A unique password for each account ensures that your other accounts remain secure if one of them is hacked.
Use a trusted password manager if you have many accounts.
A good, strong password will have these characteristics:
- A password that you are comfortable with typing over and over.
- A password that is between 10-14 characters long.
- A password that resembles a short phrase that has meaning only to you.
- A password that uses between 1-3 special characters.
- Special characters can include the following: $, #, *, and !.
- The goal is to balance complexity with difficulty to type.
A bad, easily compromised password will have these characteristics:
- A password that uses a sequence of numbers such as 123456, 12345, 123456789.
- A password that uses a word or phrase reflecting its purpose such as password, myaccount, notapassword.
- A password that uses a predictable sequence of letters and numbers such as abc123, asdfg, qwerty, abcdefg.
- A password that includes personal information such as date of birth, name, school mascot.
- A password that uses less than 8 characters.
- A password that is used for more than one account.
- A password that is written down somewhere.
For more information visit: Password Guidance From NIST.
Always use multi-factor authentication when available because a password is the most vulnerable form of authentication.
Security Measures for your mobile device:
- Set up a screen lock password/pin on your device to provide a "first line of defense" to an intruder.
- Install or enable software to remotely track your device.
- Consider enabling a remote wipe feature to protect your data in case your stolen device cannot be recovered.
- Update your device and enable automatic updating so it is always running the latest, most secure version of the operating system.
- Manage your apps
- Only use trusted sources such as iTunes or Google Play.
- Remove unused apps.
- Monitor what permissions you give your apps.
- Backup your data to a trusted source.
- Be discreet with your mobile device in highly public or crowded areas.
- Use only trusted WiFi sources.
- Avoid sending sensitive information on an insecure network.
Handling unexpected emails:
- If you do not recognize the sender of an email, contact the sender through another means of communication to verify its legitimacy, such as calling the sender.
- If you were not expecting an email attachment, do not open it until you have verified it is safe.
Report any unverified/malicious emails to the Computer Services Center immediately.
For more information visit: reportingsuspiciousemails.pdf.
In order to secure that sensitive information, the file needs to be encrypted so that only authorized users can read the file. Encrypted files cannot be read without a special key, such as a password, which is used to authenticate the user.
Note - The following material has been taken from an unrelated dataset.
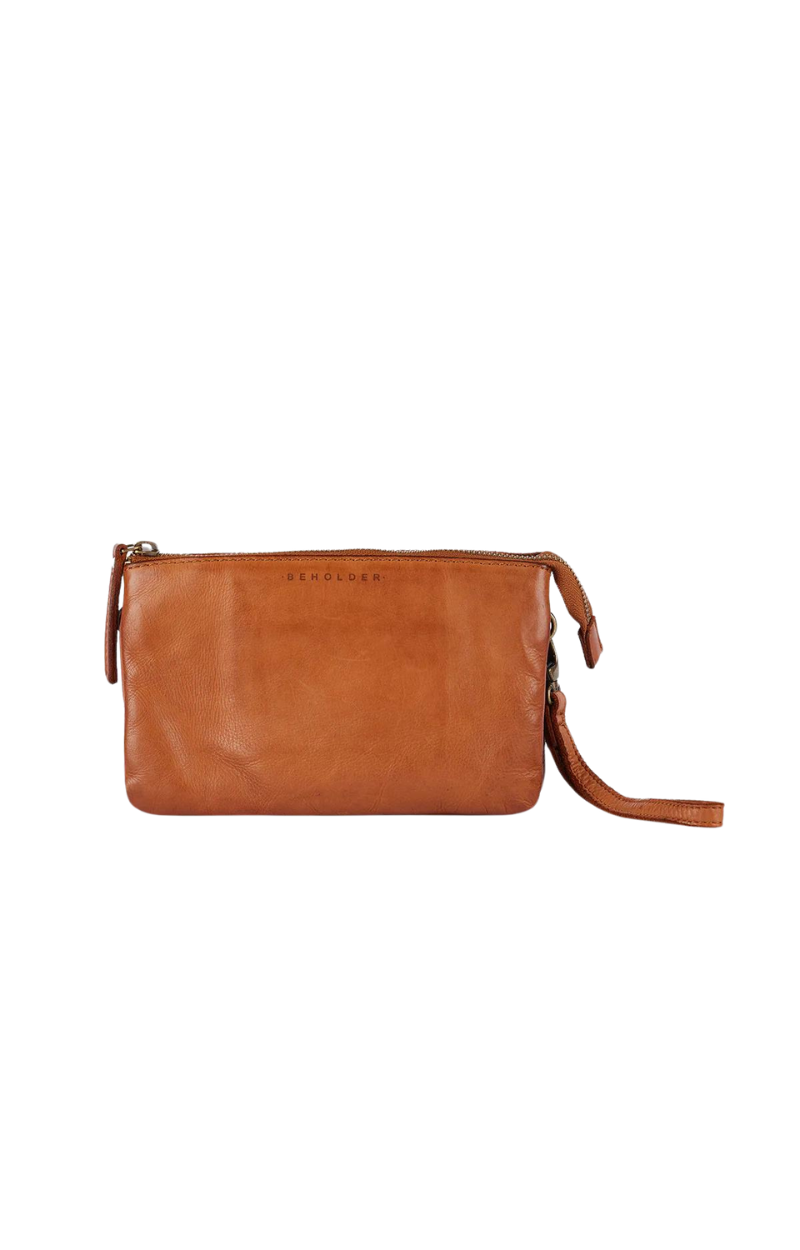 Sita Crossbody Bag - Tan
Unauthorized access could occur regardless of whether you transmit the file across the internet.
It is best practice to secure files containing sensitive information using one of the encryption methods below:
- Word Documents, Excel Workbooks, and Adobe PDFs can be encrypted using the following procedure: encryptionprocedure.pdf.
- Other files can be encrypted using the following procedure which uses 7Zip: encryptingwith7zip.pdf.
There is no easy way to unencrypt a file if you lose the password.
The best way to handle files with Personally Identifiable Information (PII) is to take these steps to ensure the information is secure.
- Keep the file encrypted at all times.
- Keep a backup stored in a separate location from the original.
- Do not leave the file unattended while in use.
- Delete the file when it is no longer needed.
- Redact the information when sharing the file with unauthorized individuals.
- Rename the file as not give away its contents.